# Let H be a regular hexagon with an area of 360. Three distinct vertices X, Y, and Z, are picked randomly, with all possible triples of distinct vertices equally likely. Let A, B, and C be the unpicked vertices. What is the expected value (average value) of the area of the intersection of triangle ABC and triangle XYZ?

This question consists of two different parts: combinatorial and geometrical (determining areas). As Educators on eNotes are only supposed to answer one question at a time, I'll solve the combinatorial part here.

There are three different possibilities to choose three points from the geometrical point of view. All three points may be consecutive, or only two may be consecutive, or all three may be nonconsecutive. Please look at the attached picture.

For the first option, the intersection of the corresponding triangles is empty, so it makes zero contribution into the expected value.

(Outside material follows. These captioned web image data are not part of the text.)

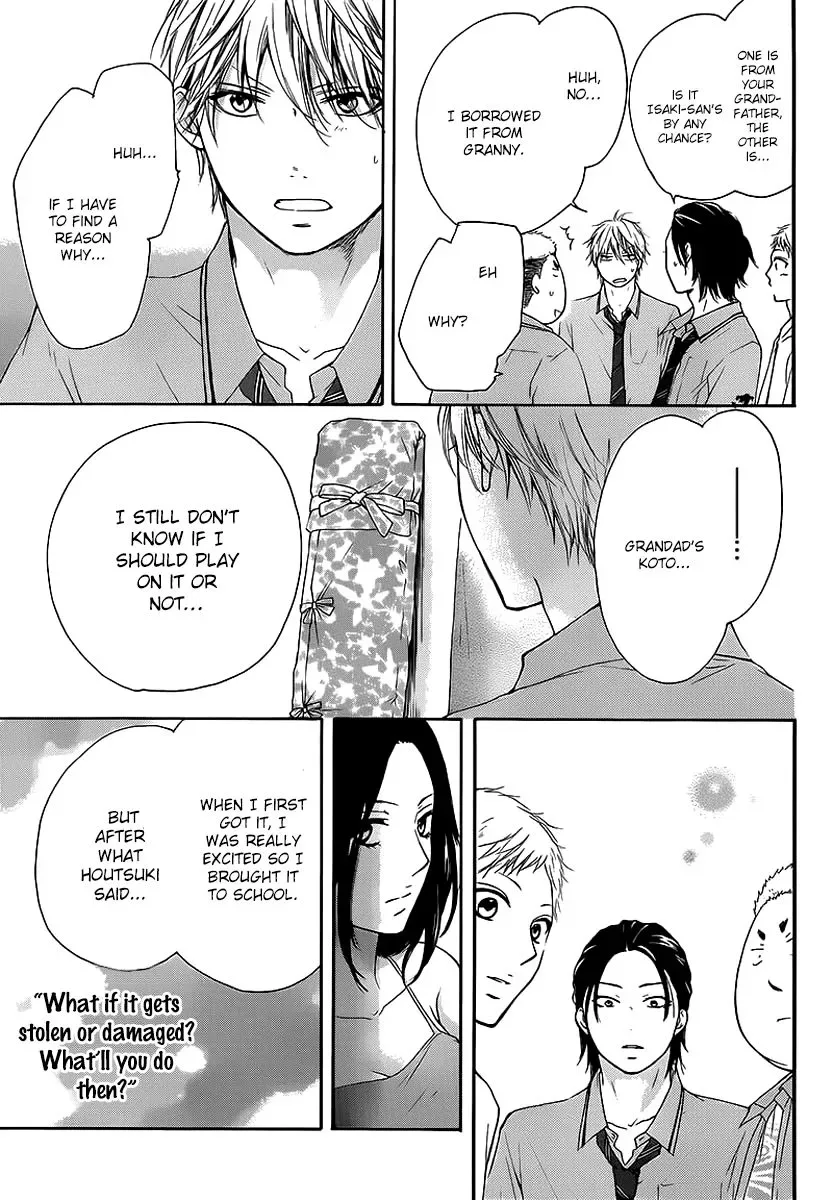 Kono Oto Tomare! Chapter 14 page 23
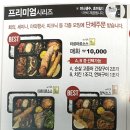 한솥도시락 이미지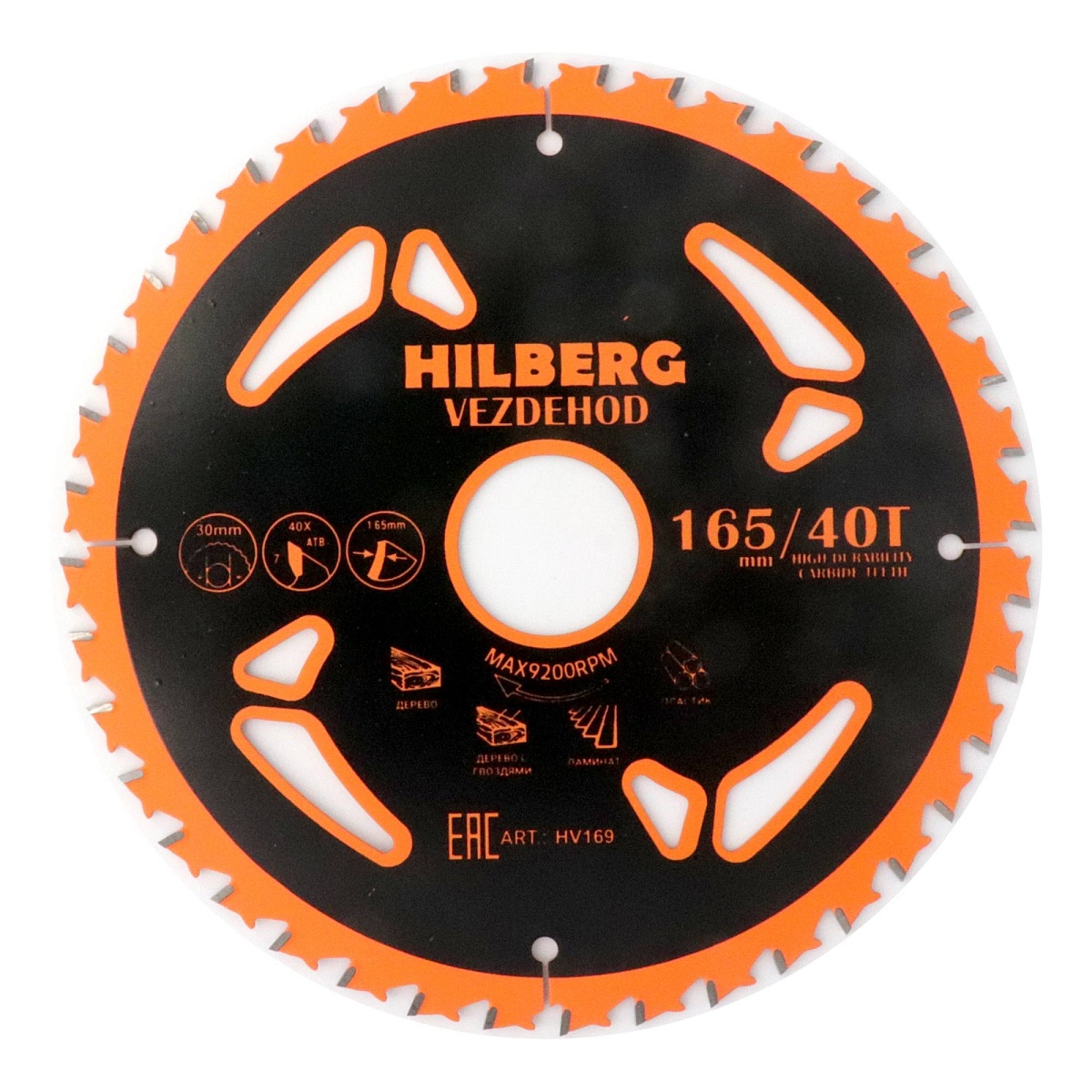 Hilberg HV169 — диск и маркировка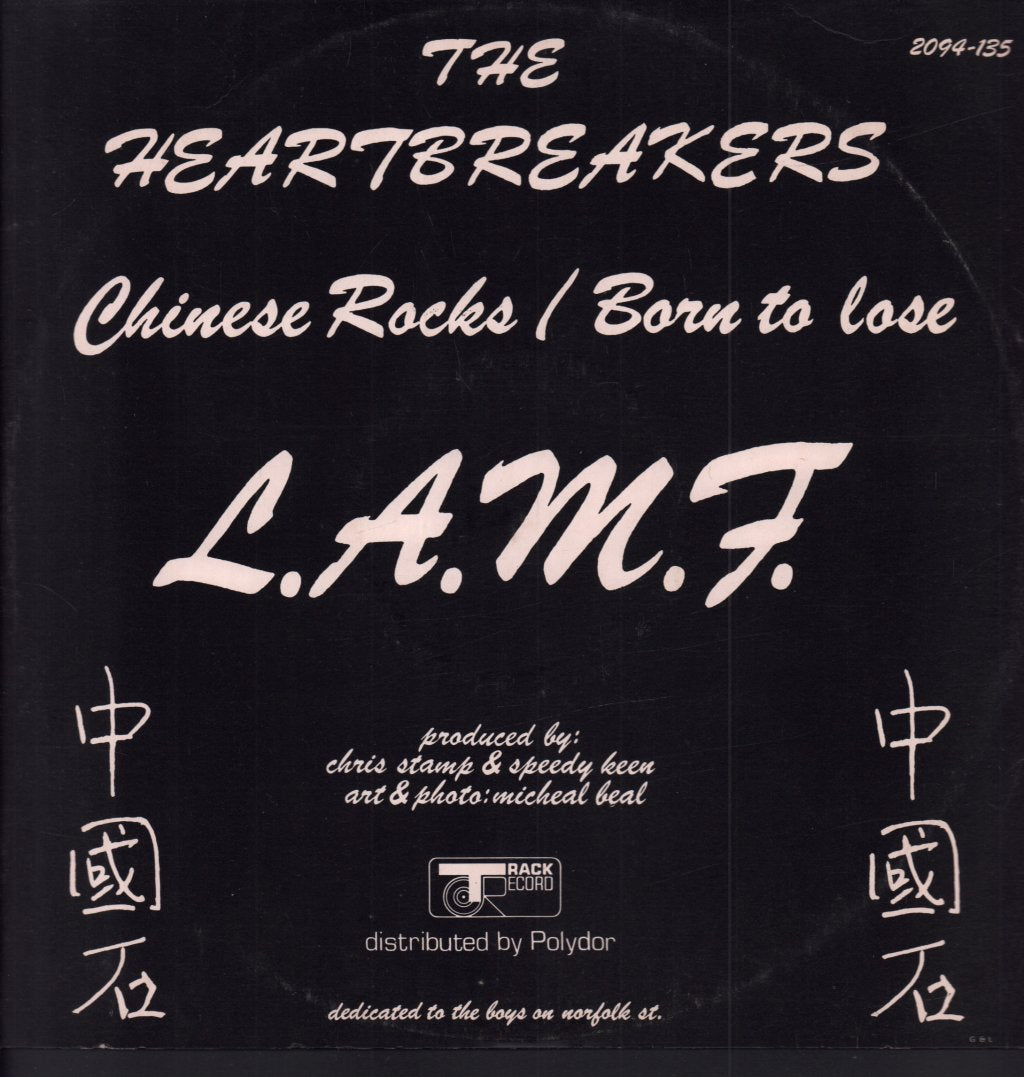 Heartbreakers - Chinese Rocks - 12 Inch
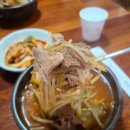 종로국밥 네이버블로그
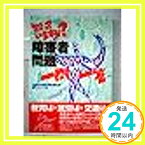 【中古】知っていますか?障害者問題一問一答 全国障害者解放運動連絡会議関西ブロック「1000円ポッキリ」「送料無料」「買い回り」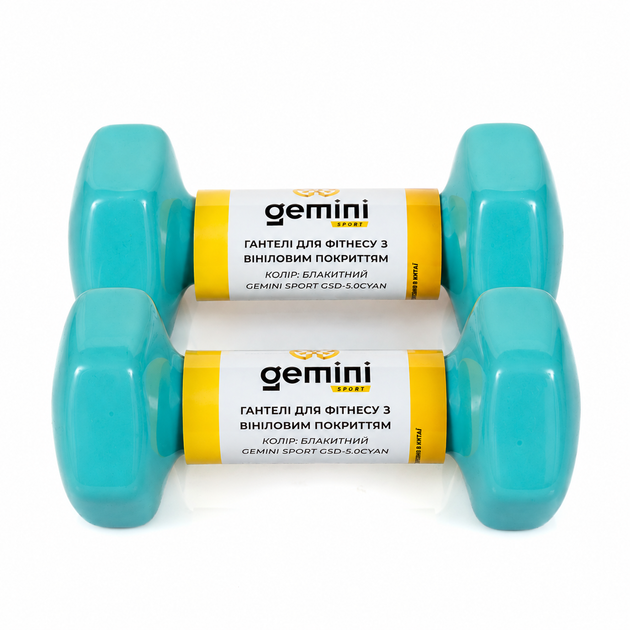 Гантели для фитнеса Gemini Sport с виниловым покрытием 2×5 кг GSD-5.0CYAN - Фото 3 Гантели для фитнеса Gemini Sport с виниловым покрытием 2×5 кг GSD-5.0CYAN - изображение 3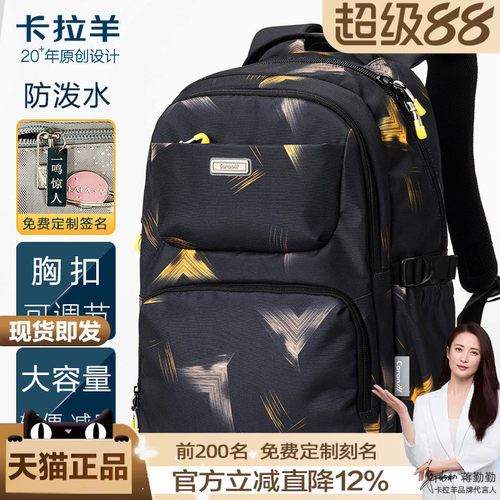 卡拉羊大容量时尚潮流校园书包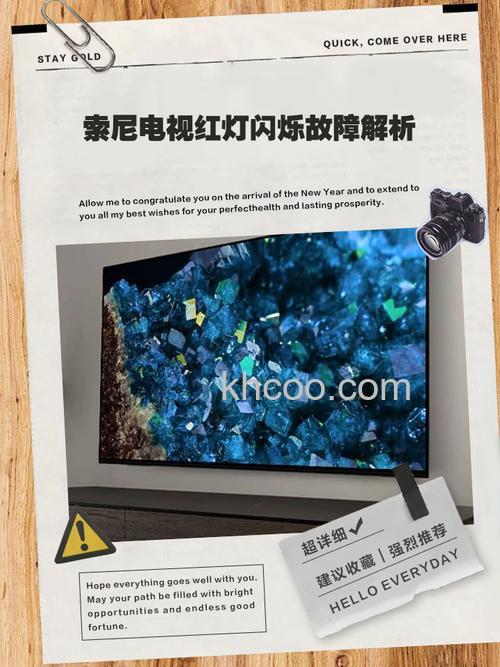 电视一直闪是怎么回事 电视一直闪原因分析【详解】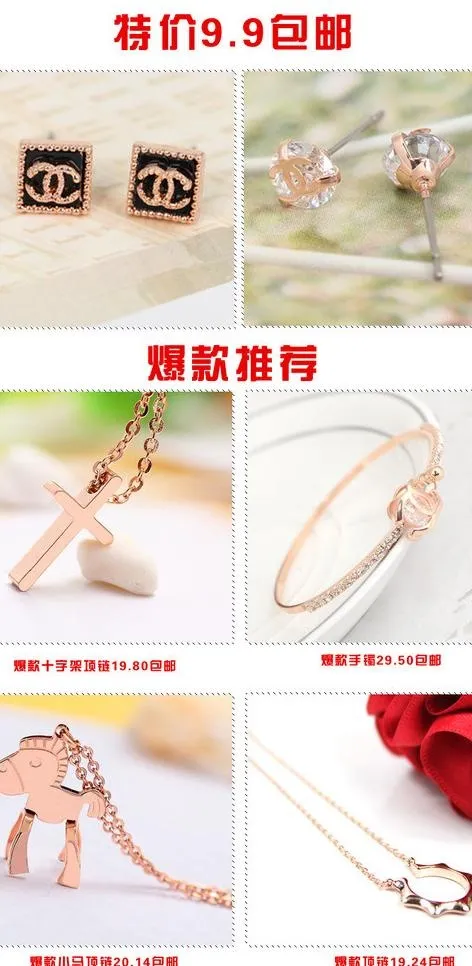 关联销售图片psd模版下载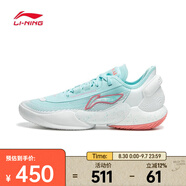 李寧 （LI-NING）2024年男子馭帥18 V2籃球鞋 ABAU025-6 44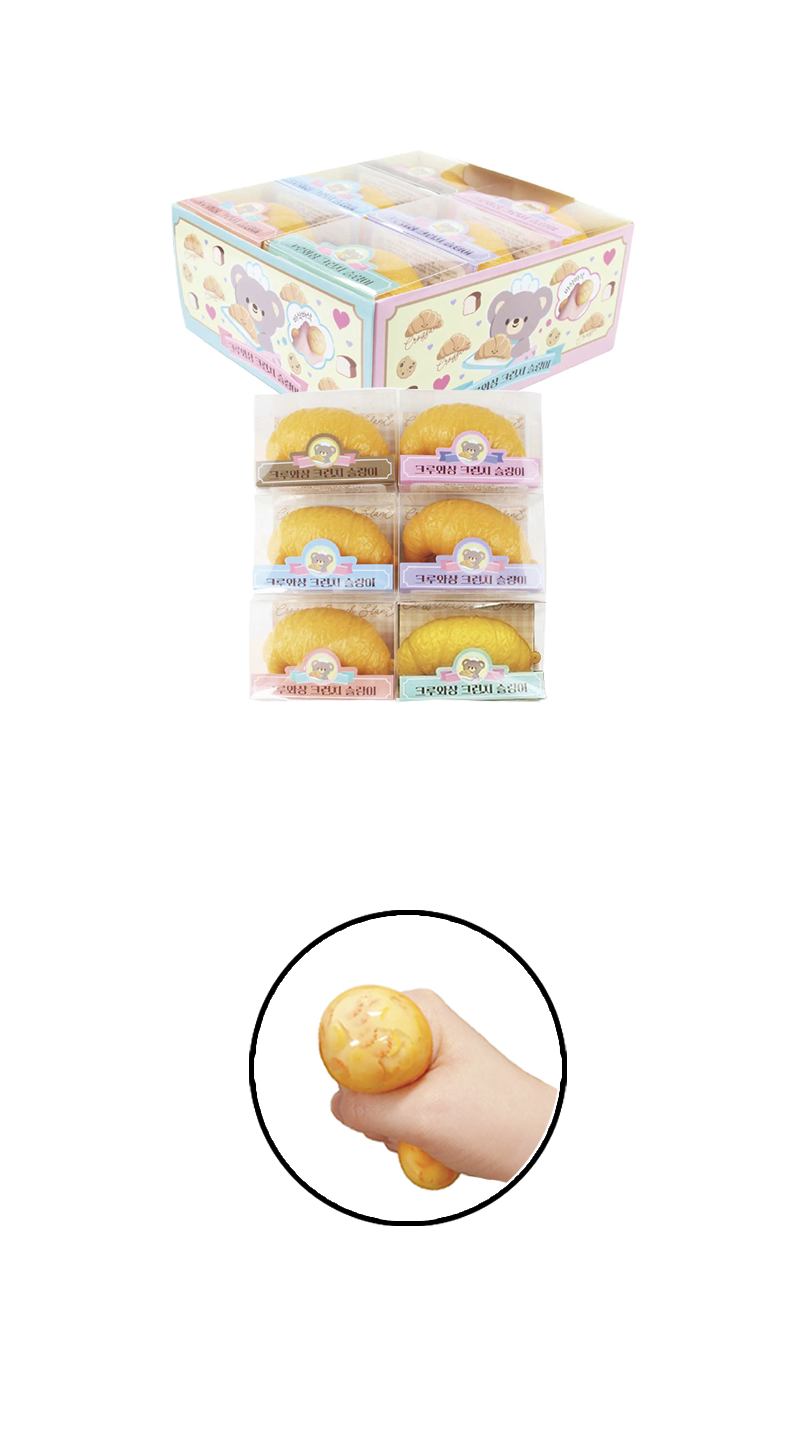 크루와상 크런치 슬랑이 & 상품정보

For the second option, the intersection is a quadrilateral: denote its area as `A_4 . ` For the third option, the intersection is a hexagon: denote its area as `A_6 .`

There are `( ( 6 ) , ( 3 ) ) = ( 6 * 5 * 4 ) / ( 3 * 2 * 1 ) = 20 ` ways to select three distinct points from 6. 6 from them correspond to the option 1 (it is necessary and sufficient to choose the central vertex of a triangle), and only two to the option 3. Because of this, or independently, twelve correspond to the option 2.

This way, the expected value is `360 * 1/20 (0 + 12 A_4 + 2 A_6) = 36 (6 A_4 + A_6 ) .`